=== AIM OF THE TASK ===
Nothing in the records should differ when they are repeated. Restate them word for word.

=== GIVEN INFORMATION ===

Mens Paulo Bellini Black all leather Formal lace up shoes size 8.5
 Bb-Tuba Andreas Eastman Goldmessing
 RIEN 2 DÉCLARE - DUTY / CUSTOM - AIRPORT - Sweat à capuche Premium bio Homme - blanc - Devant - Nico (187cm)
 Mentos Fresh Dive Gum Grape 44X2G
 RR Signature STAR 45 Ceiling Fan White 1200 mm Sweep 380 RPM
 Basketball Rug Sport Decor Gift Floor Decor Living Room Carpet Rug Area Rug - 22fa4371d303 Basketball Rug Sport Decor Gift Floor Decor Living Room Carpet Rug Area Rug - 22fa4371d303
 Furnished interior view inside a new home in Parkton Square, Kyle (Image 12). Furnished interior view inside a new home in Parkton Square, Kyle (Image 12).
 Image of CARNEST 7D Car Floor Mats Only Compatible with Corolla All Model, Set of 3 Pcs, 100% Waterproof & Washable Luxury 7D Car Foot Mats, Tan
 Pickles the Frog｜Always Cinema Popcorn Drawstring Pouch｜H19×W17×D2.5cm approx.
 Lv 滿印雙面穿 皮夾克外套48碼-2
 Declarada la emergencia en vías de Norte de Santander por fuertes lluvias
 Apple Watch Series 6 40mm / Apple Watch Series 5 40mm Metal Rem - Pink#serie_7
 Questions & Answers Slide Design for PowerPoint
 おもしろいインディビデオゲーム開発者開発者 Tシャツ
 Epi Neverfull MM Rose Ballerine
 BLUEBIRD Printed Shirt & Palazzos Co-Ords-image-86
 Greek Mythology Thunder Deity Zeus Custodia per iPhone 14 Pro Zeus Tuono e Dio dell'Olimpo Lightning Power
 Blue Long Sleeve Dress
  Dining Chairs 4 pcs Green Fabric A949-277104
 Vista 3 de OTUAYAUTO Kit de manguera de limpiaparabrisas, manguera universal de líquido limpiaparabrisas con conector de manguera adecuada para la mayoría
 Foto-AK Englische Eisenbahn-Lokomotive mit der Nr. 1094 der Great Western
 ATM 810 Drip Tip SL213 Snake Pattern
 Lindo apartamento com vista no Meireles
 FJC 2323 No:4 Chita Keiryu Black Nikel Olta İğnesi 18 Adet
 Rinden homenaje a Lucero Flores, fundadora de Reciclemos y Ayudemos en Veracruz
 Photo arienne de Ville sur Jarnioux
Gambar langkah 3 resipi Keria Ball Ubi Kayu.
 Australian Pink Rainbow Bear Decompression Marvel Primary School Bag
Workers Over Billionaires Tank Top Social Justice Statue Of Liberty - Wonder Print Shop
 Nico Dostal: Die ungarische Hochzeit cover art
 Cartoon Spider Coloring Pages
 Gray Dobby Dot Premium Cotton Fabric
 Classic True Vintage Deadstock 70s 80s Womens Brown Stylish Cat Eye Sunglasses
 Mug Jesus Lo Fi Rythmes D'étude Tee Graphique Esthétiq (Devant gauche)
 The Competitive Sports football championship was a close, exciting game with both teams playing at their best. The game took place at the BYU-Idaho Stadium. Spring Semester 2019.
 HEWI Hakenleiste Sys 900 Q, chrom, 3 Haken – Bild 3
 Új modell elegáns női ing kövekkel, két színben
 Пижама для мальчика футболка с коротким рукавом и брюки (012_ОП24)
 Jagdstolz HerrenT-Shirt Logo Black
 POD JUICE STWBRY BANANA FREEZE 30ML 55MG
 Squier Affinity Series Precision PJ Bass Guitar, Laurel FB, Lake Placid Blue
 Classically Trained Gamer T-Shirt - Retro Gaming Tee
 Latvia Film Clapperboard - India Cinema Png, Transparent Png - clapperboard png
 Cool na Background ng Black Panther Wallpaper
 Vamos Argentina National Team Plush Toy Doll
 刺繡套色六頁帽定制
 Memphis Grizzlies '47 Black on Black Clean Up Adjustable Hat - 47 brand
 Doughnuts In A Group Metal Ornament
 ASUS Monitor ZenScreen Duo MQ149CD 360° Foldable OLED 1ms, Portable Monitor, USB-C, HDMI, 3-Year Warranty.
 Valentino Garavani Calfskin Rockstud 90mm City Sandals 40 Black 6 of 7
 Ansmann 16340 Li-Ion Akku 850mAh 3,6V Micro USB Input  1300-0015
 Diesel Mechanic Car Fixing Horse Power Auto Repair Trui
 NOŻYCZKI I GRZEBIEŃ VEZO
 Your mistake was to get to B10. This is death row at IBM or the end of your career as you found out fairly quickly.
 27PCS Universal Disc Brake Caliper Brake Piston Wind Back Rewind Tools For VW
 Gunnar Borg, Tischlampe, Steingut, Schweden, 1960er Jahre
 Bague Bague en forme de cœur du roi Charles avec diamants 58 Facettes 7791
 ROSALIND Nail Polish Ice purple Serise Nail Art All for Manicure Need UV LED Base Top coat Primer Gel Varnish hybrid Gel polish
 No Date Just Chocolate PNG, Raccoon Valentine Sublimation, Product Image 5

=== PROBLEM SOLUTION ===
Mens Paulo Bellini Black all leather Formal lace up shoes size 8.5
 Bb-Tuba Andreas Eastman Goldmessing
 RIEN 2 DÉCLARE - DUTY / CUSTOM - AIRPORT - Sweat à capuche Premium bio Homme - blanc - Devant - Nico (187cm)
 Mentos Fresh Dive Gum Grape 44X2G
 RR Signature STAR 45 Ceiling Fan White 1200 mm Sweep 380 RPM
 Basketball Rug Sport Decor Gift Floor Decor Living Room Carpet Rug Area Rug - 22fa4371d303 Basketball Rug Sport Decor Gift Floor Decor Living Room Carpet Rug Area Rug - 22fa4371d303
 Furnished interior view inside a new home in Parkton Square, Kyle (Image 12). Furnished interior view inside a new home in Parkton Square, Kyle (Image 12).
 Image of CARNEST 7D Car Floor Mats Only Compatible with Corolla All Model, Set of 3 Pcs, 100% Waterproof & Washable Luxury 7D Car Foot Mats, Tan
 Pickles the Frog｜Always Cinema Popcorn Drawstring Pouch｜H19×W17×D2.5cm approx.
 Lv 滿印雙面穿 皮夾克外套48碼-2
 Declarada la emergencia en vías de Norte de Santander por fuertes lluvias
 Apple Watch Series 6 40mm / Apple Watch Series 5 40mm Metal Rem - Pink#serie_7
 Questions & Answers Slide Design for PowerPoint
 おもしろいインディビデオゲーム開発者開発者 Tシャツ
 Epi Neverfull MM Rose Ballerine
 BLUEBIRD Printed Shirt & Palazzos Co-Ords-image-86
 Greek Mythology Thunder Deity Zeus Custodia per iPhone 14 Pro Zeus Tuono e Dio dell'Olimpo Lightning Power
 Blue Long Sleeve Dress
  Dining Chairs 4 pcs Green Fabric A949-277104
 Vista 3 de OTUAYAUTO Kit de manguera de limpiaparabrisas, manguera universal de líquido limpiaparabrisas con conector de manguera adecuada para la mayoría
 Foto-AK Englische Eisenbahn-Lokomotive mit der Nr. 1094 der Great Western
 ATM 810 Drip Tip SL213 Snake Pattern
 Lindo apartamento com vista no Meireles
 FJC 2323 No:4 Chita Keiryu Black Nikel Olta İğnesi 18 Adet
 Rinden homenaje a Lucero Flores, fundadora de Reciclemos y Ayudemos en Veracruz
 Photo arienne de Ville sur Jarnioux
Gambar langkah 3 resipi Keria Ball Ubi Kayu.
 Australian Pink Rainbow Bear Decompression Marvel Primary School Bag
Workers Over Billionaires Tank Top Social Justice Statue Of Liberty - Wonder Print Shop
 Nico Dostal: Die ungarische Hochzeit cover art
 Cartoon Spider Coloring Pages
 Gray Dobby Dot Premium Cotton Fabric
 Classic True Vintage Deadstock 70s 80s Womens Brown Stylish Cat Eye Sunglasses
 Mug Jesus Lo Fi Rythmes D'étude Tee Graphique Esthétiq (Devant gauche)
 The Competitive Sports football championship was a close, exciting game with both teams playing at their best. The game took place at the BYU-Idaho Stadium. Spring Semester 2019.
 HEWI Hakenleiste Sys 900 Q, chrom, 3 Haken – Bild 3
 Új modell elegáns női ing kövekkel, két színben
 Пижама для мальчика футболка с коротким рукавом и брюки (012_ОП24)
 Jagdstolz HerrenT-Shirt Logo Black
 POD JUICE STWBRY BANANA FREEZE 30ML 55MG
 Squier Affinity Series Precision PJ Bass Guitar, Laurel FB, Lake Placid Blue
 Classically Trained Gamer T-Shirt - Retro Gaming Tee
 Latvia Film Clapperboard - India Cinema Png, Transparent Png - clapperboard png
 Cool na Background ng Black Panther Wallpaper
 Vamos Argentina National Team Plush Toy Doll
 刺繡套色六頁帽定制
 Memphis Grizzlies '47 Black on Black Clean Up Adjustable Hat - 47 brand
 Doughnuts In A Group Metal Ornament
 ASUS Monitor ZenScreen Duo MQ149CD 360° Foldable OLED 1ms, Portable Monitor, USB-C, HDMI, 3-Year Warranty.
 Valentino Garavani Calfskin Rockstud 90mm City Sandals 40 Black 6 of 7
 Ansmann 16340 Li-Ion Akku 850mAh 3,6V Micro USB Input  1300-0015
 Diesel Mechanic Car Fixing Horse Power Auto Repair Trui
 NOŻYCZKI I GRZEBIEŃ VEZO
 Your mistake was to get to B10. This is death row at IBM or the end of your career as you found out fairly quickly.
 27PCS Universal Disc Brake Caliper Brake Piston Wind Back Rewind Tools For VW
 Gunnar Borg, Tischlampe, Steingut, Schweden, 1960er Jahre
 Bague Bague en forme de cœur du roi Charles avec diamants 58 Facettes 7791
 ROSALIND Nail Polish Ice purple Serise Nail Art All for Manicure Need UV LED Base Top coat Primer Gel Varnish hybrid Gel polish
 No Date Just Chocolate PNG, Raccoon Valentine Sublimation, Product Image 5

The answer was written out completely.